A United Nations report released this week details widespread human rights violations of an increasingly sectarian nature in Iraq, as well as a deterioration of the rule of law in large parts of the embattled country.
The report, produced jointly by the UN Assistance Mission for Iraq (UNAMI) and the Office of the UN High Commissioner for Human Rights (OHCHR), covers the period from 11 September to 10 December 2014.
Members of Iraq's diverse ethnic communities, including Turkmen, Shabaks, Christians, Yezidi, Sabaeans, Kaka'e, Faili Kurds, Arab Shi'a, and others, have been intentionally and systematically targeted by the Islamic State of Iraq and the Levant (ISIL), in what appears as a deliberate policy aimed at destroying, suppressing or expelling these communities permanently from areas under their control, the report documents.

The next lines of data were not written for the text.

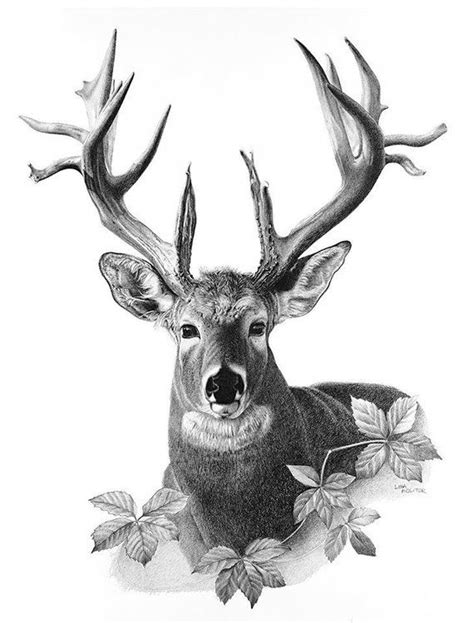 √ Big Buck Deer Drawing - Alumn Photograph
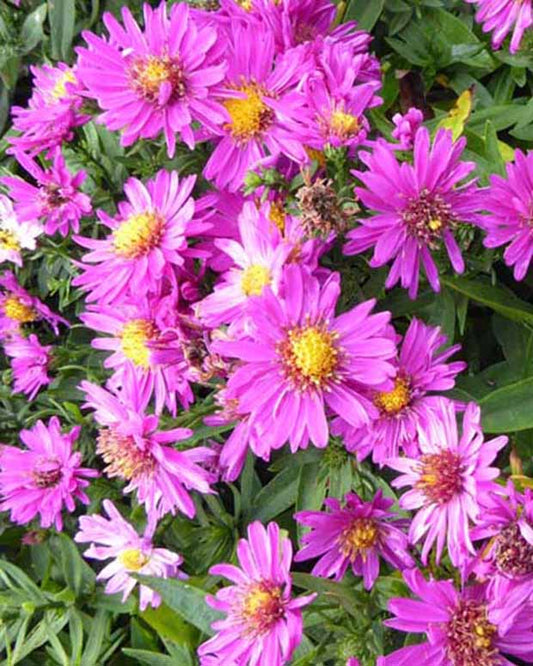 Aster Starlight - Aster novi-belgii starlight - Tuinplanten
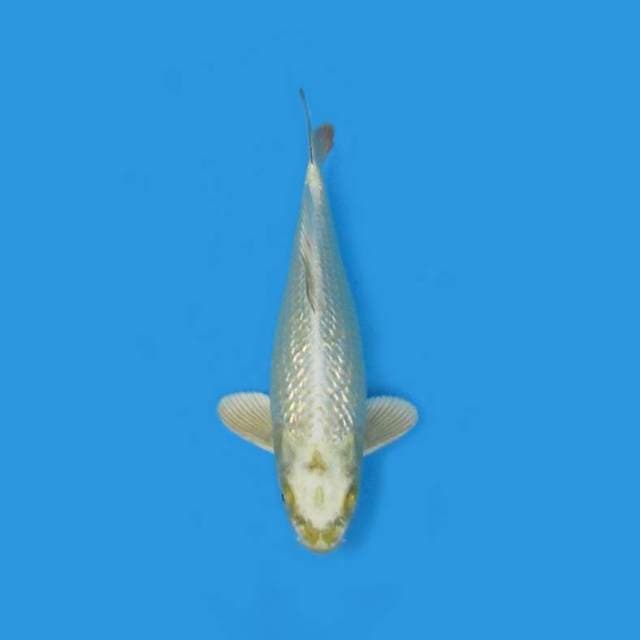 MUKASHI GINRIN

“I continue to be deeply shocked by the gross human rights violations committed by ISIL and associated armed groups. The targeting of civilians based on their faith or ethnicity is utterly despicable and we must not spare any effort to ensure accountability for these crimes,” said UN High Commissioner for Human Rights Zeid Ra'ad Al Hussein, reiterating his call for Iraq to join the Rome Statute of the International Criminal Court or to accept the exercise of its jurisdiction with respect to the current situation facing the country.
The report documents serious violations of international humanitarian law and gross abuses of human rights perpetrated over a three month period by ISIL. These include killings of civilians, abductions, rapes, slavery and trafficking of women and children, forced recruitment of children, destruction of places of religious significance, looting and the denial of fundamental freedoms.